Premesso che la base sociale il partito dell’estrema destra l’avrebbe avuta comunque soprattutto nei Länder orientali danneggiati da un’unificazione selettiva e sperequata, la Germania ha praticato una immigrazione selettiva, scegliendo di importare per larga parte la classe media siriana, dotata di una buona istruzione di base e soprattutto sta provvedendo con un discreto successo a portare avanti programmi di integrazione attraverso l’insegnamento forzoso della lingua, impartendo lezioni sul sistema istituzionale e sulla storia tedesca, programmando la distribuzione dei migranti sul territorio.
Certo non tutto e perfetto e ci sono molti problemi. L’insediamento dei migranti ha prodotto in alcuni casi come a Berlino, dove il fenomeno è più evidente, quartieri ghetto e marginalizzato aree delle città. Molti problemi ci sono nei Länder orientali, soprattutto in situazioni di prossimità alle frontiere e non tanto con gli immigrati stanziali ma con quelli pendolari dei paesi dell’Est Europa, primi fra tutti con quelli provenienti dall’Ucraina. Ma si tratta di problemi strutturali del mercato del lavoro tedesco che accanto agli operai specializzati e agli addetti di fascia medio alta nei settori dell’informatica e della burocrazia impiegatizia può disporre di un esercito industriale di riserva illimitato, disposto grazie agli aiuti sociali e a sussidi integrativi a continuare a lavorare per salari irrisori, in condizione di precarietà assoluta, alimentando un mercato del lavoro di fatto segmentato e duale.
Si tratta di contraddizioni che certamente emergeranno con riflessi anche elettorali; le hanno avvertiti pesantemente i socialisti della SPD che hanno visto ridursi il loro consenso per l’incapacità di rappresentare queste fasce di disaggio del nuovo proletariato o se si preferisce di proletariato disgregato e atomizzato, diviso in componenti etniche e linguistiche. Ne la Die Linke (estrema sinistra) o i Verdi sembrano capaci di raccogliere questa sfida, mentre invece i gruppi di estrema destra sembrano in grado di intercettare la protesta marginale delle fasce più disagiate di giovani tedeschi. Ciò avviene perché si sono create situazioni complesse che andrebbero esaminate separatamente.
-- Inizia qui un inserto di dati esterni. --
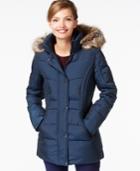 Anne Klein Faux-fur-trim Contrast-quilted Down Coat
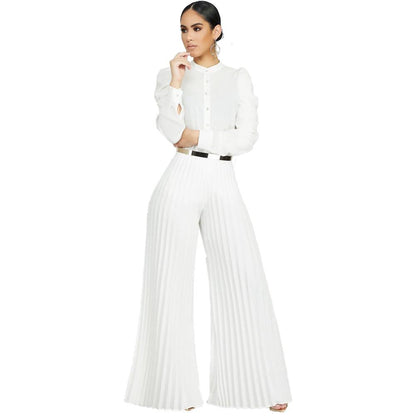 Pantalon à jambe large Pli de couleur unie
Le componenti etniche dell’emigrazione in Germania

Su una popolazione totale di quasi 83 milioni nel 2016 i turchi in Germania sono circa 3 milioni (a questi vanno aggiunti circa un milione di musulmani di origine araba, albanese, bosniaca, ecc.) dei quali la metà detiene ancora la nazionalità turca; un milione circa risiede in Renania Settentrionale-Vestfalia e 500 mila nel Baden-Württemberg; numerose le comunità di Essen, Berlino e Amburgo, mentre il resto è distribuito più o meno equamente negli altri Länder. Le moschee delle quali essi dispongono sono più di 700 direttamente finanziate dal Governo turco che nomina anche gli imam con il benestare del Governo tedesco. Gestendo le moschee il Governo turco controlla e orienta i maggiorenti della comunità e la scelta di appaltare alle autorità di un altro paese le attività di culto di un numero così consistente di immigrati si sta rivelando un boomerang per le autorità tedesche, perché porta a dotare un altro Stato di capacità di controllo e di orientamento dei migranti e ne ostacola l’integrazione. L’errore sta per ripetersi con i siriani in maggioranza Alauiti, che si auto-identificano con gli sciiti duodecimani e riveriscono Ali, cugino e genero del profeta Maometto
Il Governo tedesco, come del resto anche quello belga (che ha conferito il controllo delle moschee del Belgio al Marocco) si dimostrano incapaci di capire le dinamiche interne all’islam in ordine al potere di orientamento che hanno le autorità politiche su quelle religiose. Ne consegue che la politica di relazioni con i culti nel paese va rivisitata se non si vogliono avere in futuro sgradite sorprese. La politica di gestione dei flussi migratori si rivela con il passar del tempo più complessa di quanto previsto.
In questo varco rischiano di potersi infilare Alternative für Deutschland e i cristiano bavaresi della Christlich-Soziale Union (CSU), posto che la SPD non si pone nemmeno il problema di rapportarsi a questa parte ormai stabile della popolazione tedesca ma lontana dagli interessi rappresentati dal partito e scarsi sono, salvo poche eccezioni, i contatti di Die Linke e dei Verdi con questa parte della popolazione. Tendenze comincia no a manifestarsi a favore della costituzione di partiti confessionali o etnici creando indubbiamente una frattura dal significato anche simbolico nella società tedesca.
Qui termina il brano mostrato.